Section 24 of the Criminal Code Act 1899 (Qld) contains the defence that a person is not criminally responsible for an act such as a sex offence if the person held an honest and reasonable, but mistaken, belief there was consent involved.
The Queensland government has called for the law to be reviewed by the Queensland Law Reform Commission, with a recommendation expected in early 2020.
Creevey Russell Principal Dan Creevey said the suggestion that the mistake of fact defence allows an offender to walk free in sexual offence type matters is “simply wrong”.
“Creevey Russell Lawyers believes the criticisms of the section 24 defence are misinformed and there needs to be greater community awareness as to how the law operates,” Mr Creevey said.

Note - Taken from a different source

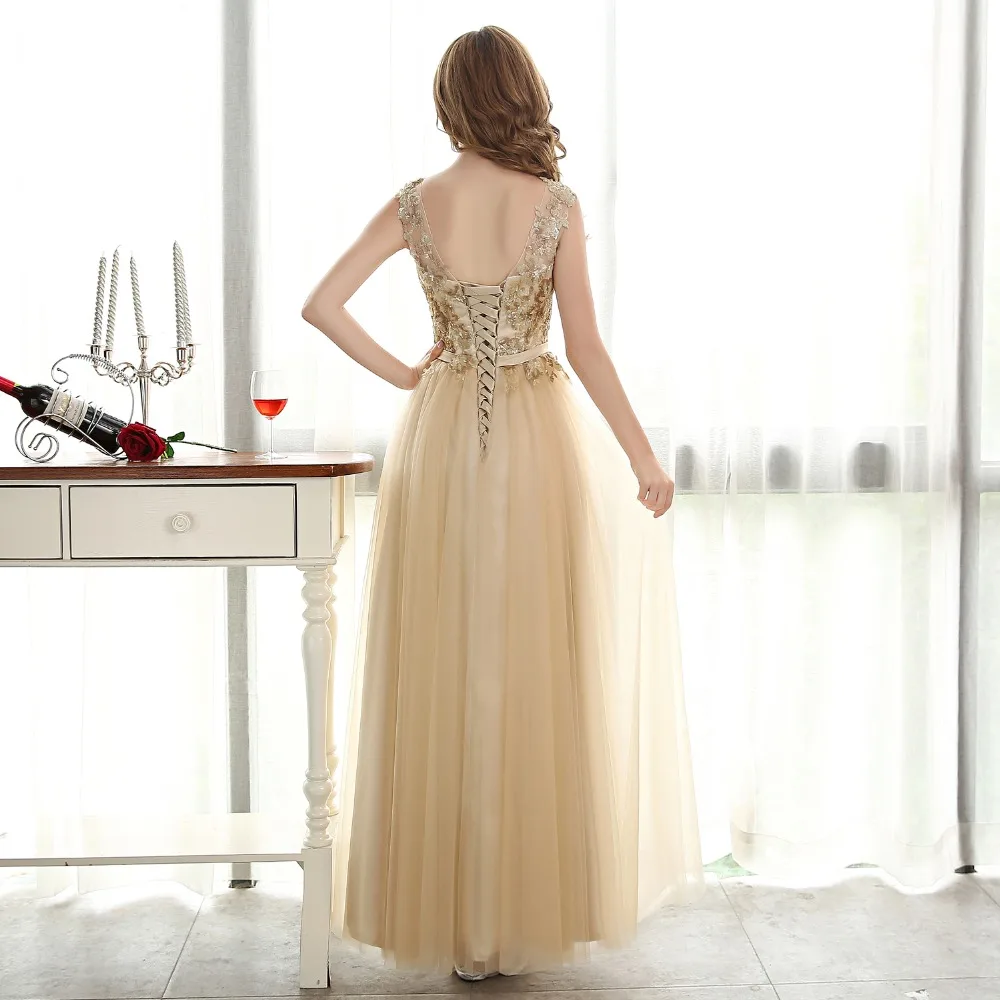Вечернее платье длинное женское потрясающее золотистое с пайетками для особых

“The mere fact that the defence may be raised does not dictate that a jury will accept the defence is applicable in any given matter. That is because section 24 contains both a subjective and objective component. A defendant cannot just raise section 24 and expect to be let off – juries apply their common sense, and the subjective component of the test provides that safeguard.”
Creevey Russell Senior Associate Trent Jones said subjectively, an accused person may hold an honest and mistaken belief regarding the existence of anything, such as the fact a person is consenting to sexual intercourse.
“Objectively, however, it is a matter – most commonly reserved for juries – to determine whether or not that mistaken belief held by a defendant was reasonable having regard to all the circumstances of a case,” he said.
“Trials involving sexual offences are most often run before a jury. The role of a jury in a criminal trial is to determine whether or not an accused person is guilty or not guilty of the alleged offence. A jury reaches their verdict by adopting the role of the sole judge of the fact, receiving guidance and direction regarding the application of the law by the presiding judge.
“A mere mistake of a defendant is simply not enough to enliven a section 24 defence. For a section 24 defence to be successful, a jury must form the view that the honest, but mistaken, belief held by the defendant, in their particular circumstances, was held on reasonable grounds.
“The section 24 defence is not a matter whereby an accused person can simply state that they honestly believed a complainant was consenting and automatically expect to be acquitted. If that were the case, there would certainly be significant issues with the justice system, but that is not the way the section 24 defence is designed to operate.
“Juries have accepted the existence of a mistake of fact defence and acquitted accused people previously, but, similarly, there have been instances where juries have rejected a mistake of fact defence and convicted a defendant.”